ENTRIES SUPPLIED Block Start
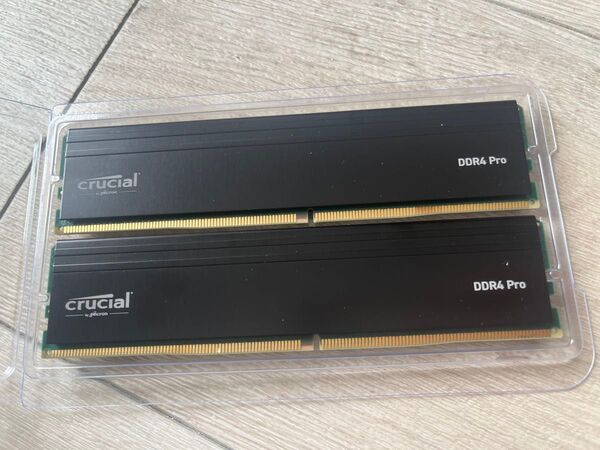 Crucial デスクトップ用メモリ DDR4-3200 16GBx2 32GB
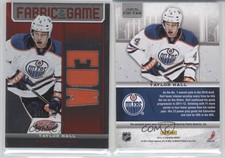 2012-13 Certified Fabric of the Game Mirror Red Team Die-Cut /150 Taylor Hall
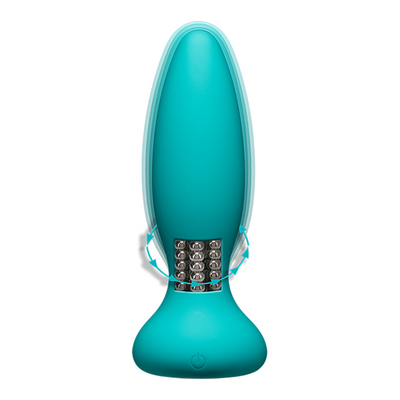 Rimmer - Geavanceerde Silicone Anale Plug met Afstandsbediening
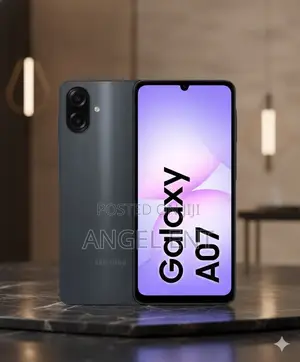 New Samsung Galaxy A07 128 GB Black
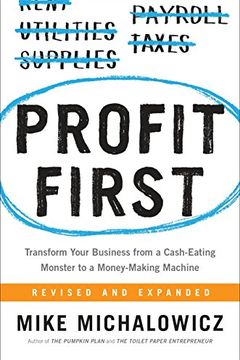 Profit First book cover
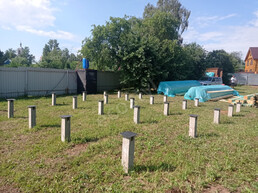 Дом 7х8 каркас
ENTRIES SUPPLIED Block End
ENTRIES SUPPLIED Block Start
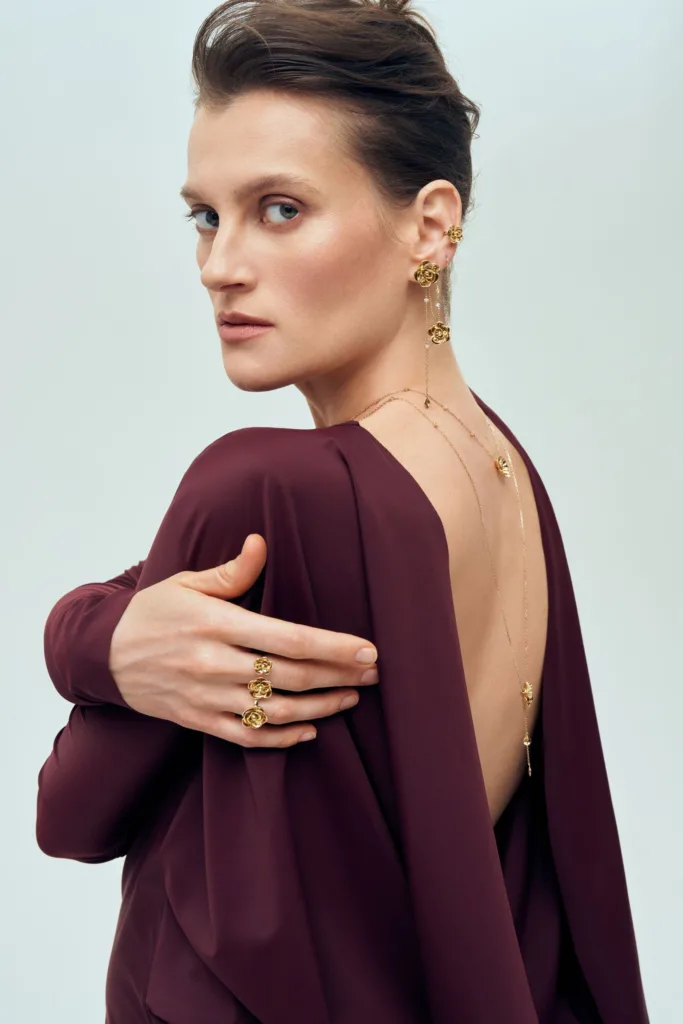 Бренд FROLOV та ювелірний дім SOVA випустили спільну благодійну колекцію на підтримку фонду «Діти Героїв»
ENTRIES SUPPLIED Block End
**ABOUT THIS EXERCISE**
With pictures omitted, repeat the entries above word for word from the line holding "New Samsung Galaxy A07 128 GB Black" down to the line holding "Дом 7х8 каркас", keeping both of those lines.

**REPLY**
 New Samsung Galaxy A07 128 GB Black
 Profit First book cover
 Дом 7х8 каркас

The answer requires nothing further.